TASK PROMPT » Exclude all pictures from your copy of the data below, which should otherwise match exactly.

________________________________________

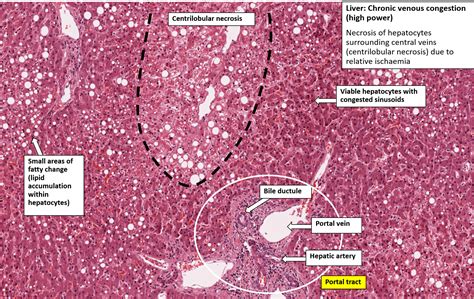 Liver – Chronic Venous Congestion – NUS Pathweb :: NUS Pathweb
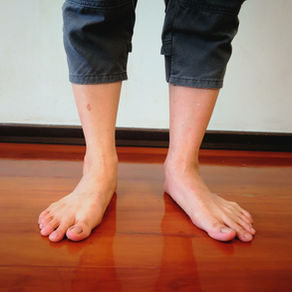 Why Shapecrunch Customized 3D Printed Insoles are the Ultimate Solution for Flat Feet Relief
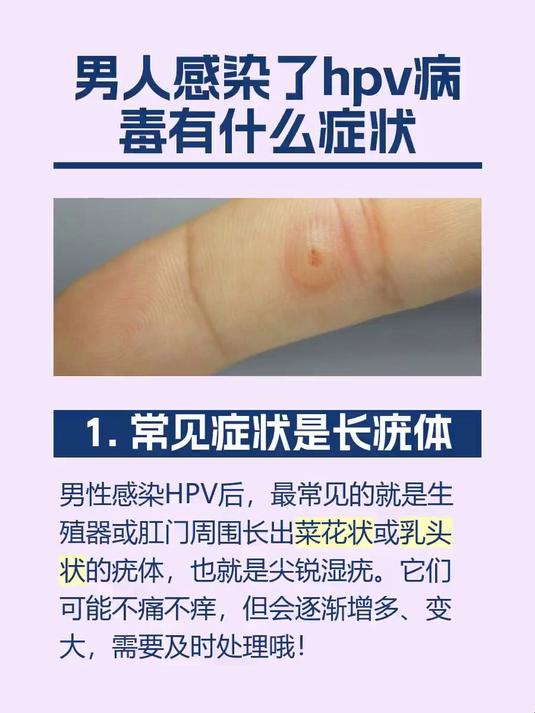 #马上健康过大年#男人感染了hpv病毒有什么症状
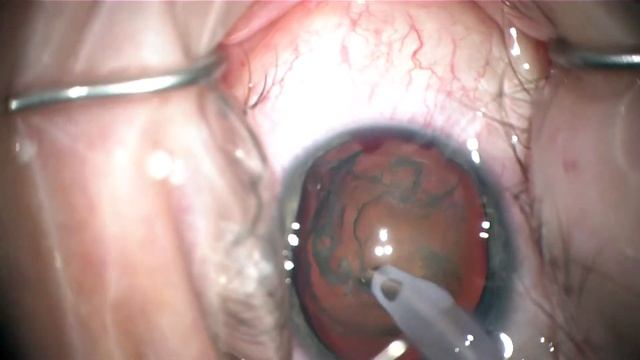 phacotrabectome in advanced pigment dispersion glaucoma; young high myope, iris lens instability смотреть онлайн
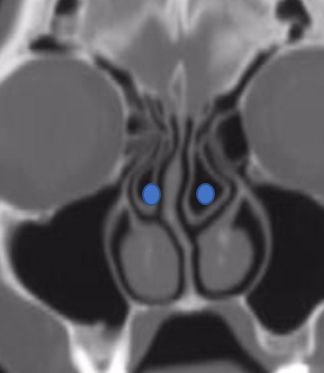 CT scans demonstrates concha bullosa (blue)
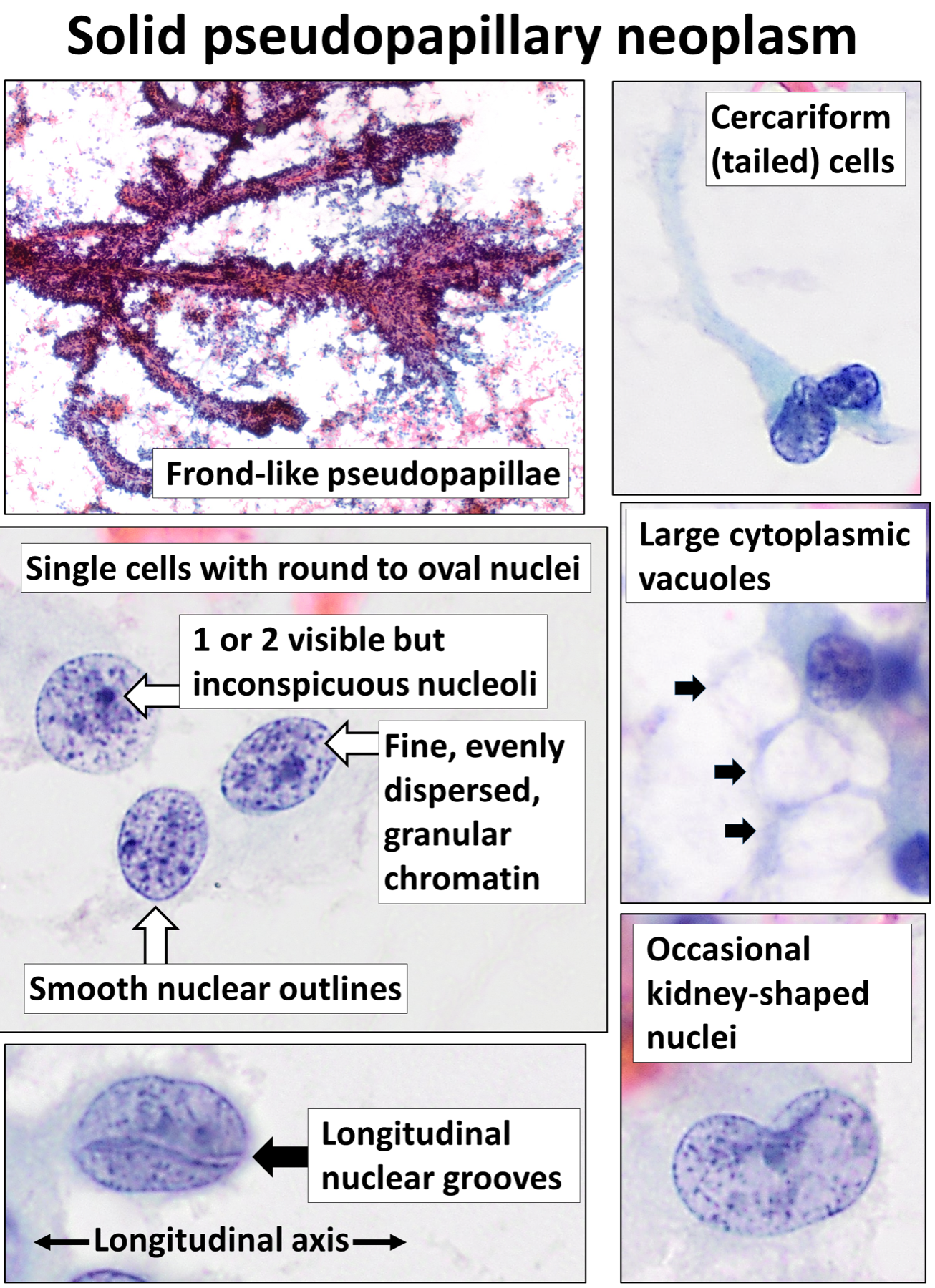 Lâmina de citologia obtida por ecoendoscopia com PAAF (EUS-FNA) de lesão cística pancreática.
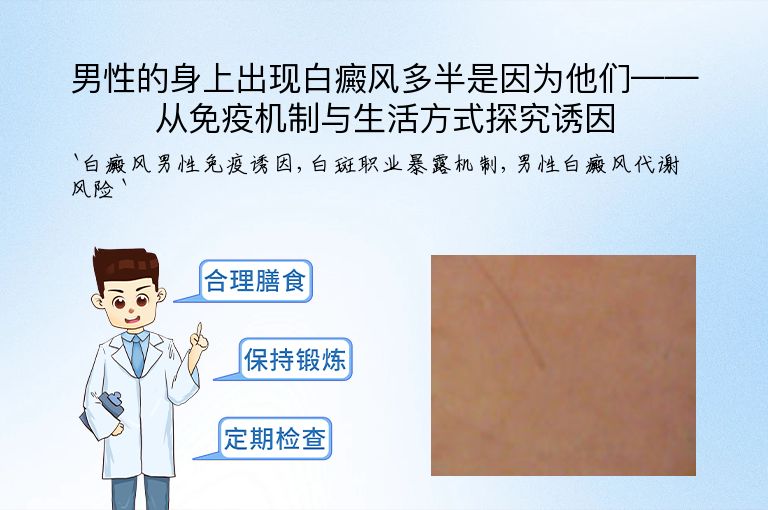男性的身上出现白癜风多半是因为他们——从免疫机制与生活方式探究诱因
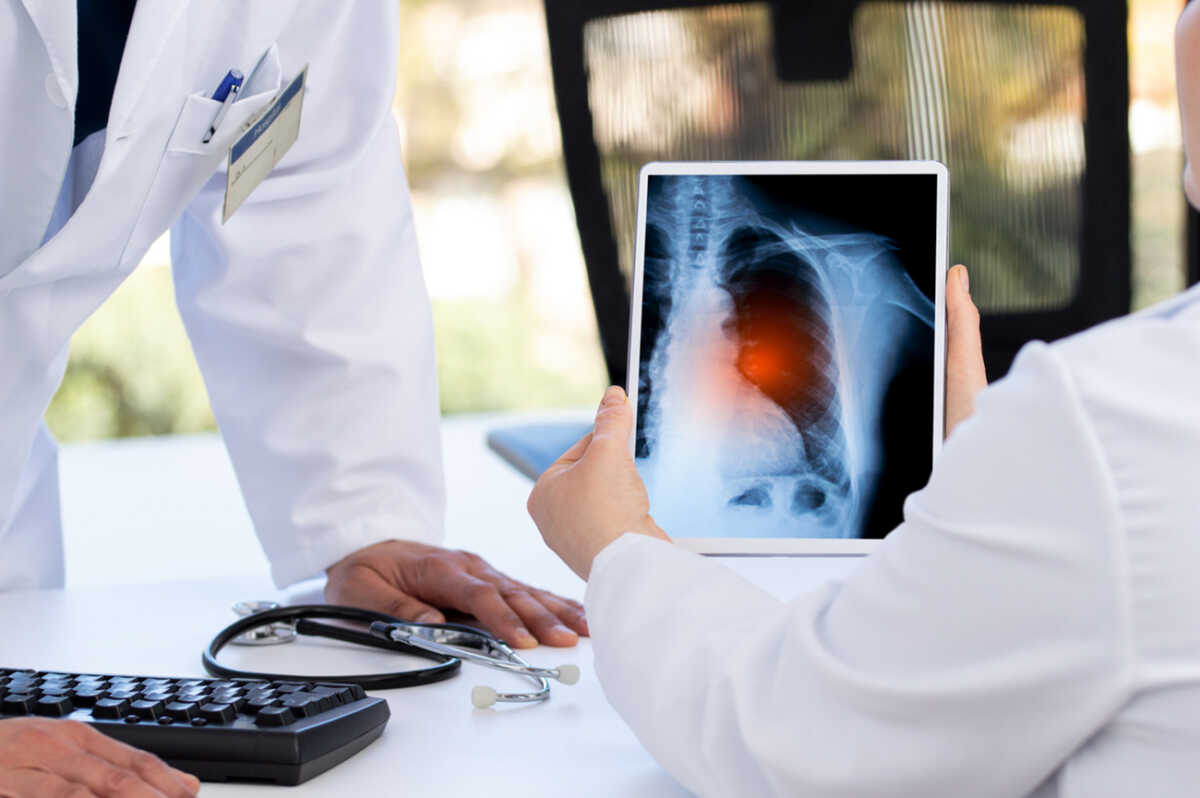Radiology and medicine concept. doctor explaining the results of scan lung on digital tablet screen to patient with long covid
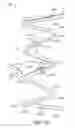 Fig. 93 - Uncaging stent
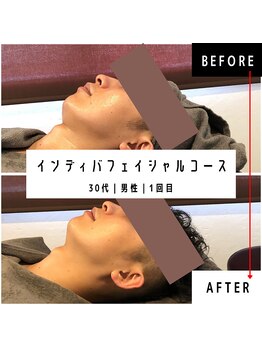 東京デトックス/インディバフェイシャル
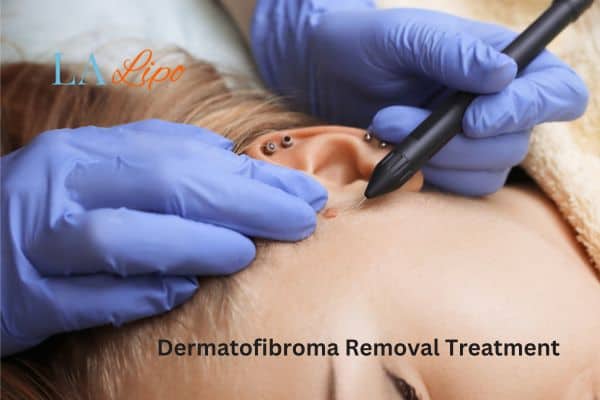 Dermatofibroma Removal Treatment East Grinstead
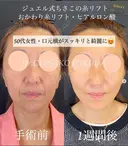 アンチエイジングならお任せください。40代。糸リフトとヒアルロン酸で1週間後。口元横すっきり美しい。 7日後 サムネイル用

________________________________________

EXPECTED ANSWER »
 Liver – Chronic Venous Congestion – NUS Pathweb :: NUS Pathweb
 Why Shapecrunch Customized 3D Printed Insoles are the Ultimate Solution for Flat Feet Relief
 #马上健康过大年#男人感染了hpv病毒有什么症状
 phacotrabectome in advanced pigment dispersion glaucoma; young high myope, iris lens instability смотреть онлайн
 CT scans demonstrates concha bullosa (blue)
 Lâmina de citologia obtida por ecoendoscopia com PAAF (EUS-FNA) de lesão cística pancreática.
男性的身上出现白癜风多半是因为他们——从免疫机制与生活方式探究诱因
Radiology and medicine concept. doctor explaining the results of scan lung on digital tablet screen to patient with long covid
 Fig. 93 - Uncaging stent
 東京デトックス/インディバフェイシャル
 Dermatofibroma Removal Treatment East Grinstead
 アンチエイジングならお任せください。40代。糸リフトとヒアルロン酸で1週間後。口元横すっきり美しい。 7日後 サムネイル用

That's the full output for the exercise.